There is a theory of arguments, but I am afraid that the OP conception of argument is too idealized, and the notion of effective debate too narrow, to apply to most of them. If people argued from sets of established axioms and the only issue was whether those sets are equivalent they'd be proving mathematical theorems and meta-theorems of mathematical logic instead of having debates.
The crux of real life debates is not disagreement over axioms, but vagueness and ambiguity of translating available real life evidence into generalities, and even finding the right terms and classifications for expressing them adequately. To one person history indicates that ends justify means, to another this is a hasty generalization; to one person Napoleon is a great leader, to another he is a mass murderer; to one person soul can clearly exist apart from a body, to another this is a fanciful nonsense, etc. It is eliciting intuitions, affecting judgements, bringing out "facts", and deciding what is or is not a "fact", i.e. generating fruitful concepts and defensible "axioms", which can plausibly withstand factual objections and criticisms, that make effective debates effective. Often effective for both sides even if in the end they still do not come to an agreement. This will not be captured by a scheme that presupposes fixed concepts and axioms.
Wikipedia has a long entry on arguments, including theories of argumentation.
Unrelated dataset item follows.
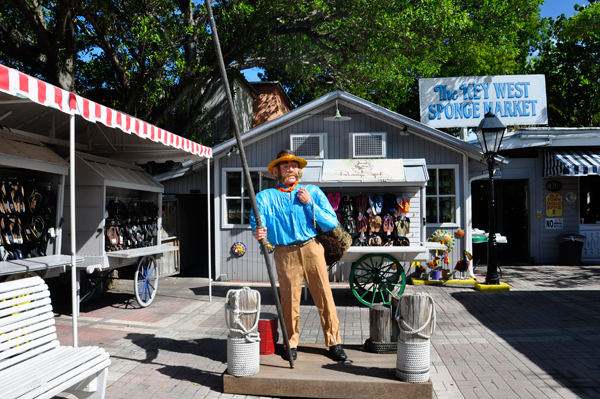 entering Mallory Square and the market place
The study of debates goes back at least to sophists and Socrates, and was known as the art of dialectic in antiquity. In recent times Toulmin's model of argumentation, developed in his book Uses of Argument, has become very influential. Here is from the abstract:
"Starting from an examination of the actual procedures in different fields of argument - the practice, as opposed to the theory, of logic - he discloses a richer variety than is allowed for by any available system. He argues that jurisprudence rather than mathematics should be the logician's model in analysing rational procedures, and that logic should be a comparative and not a purely formal study."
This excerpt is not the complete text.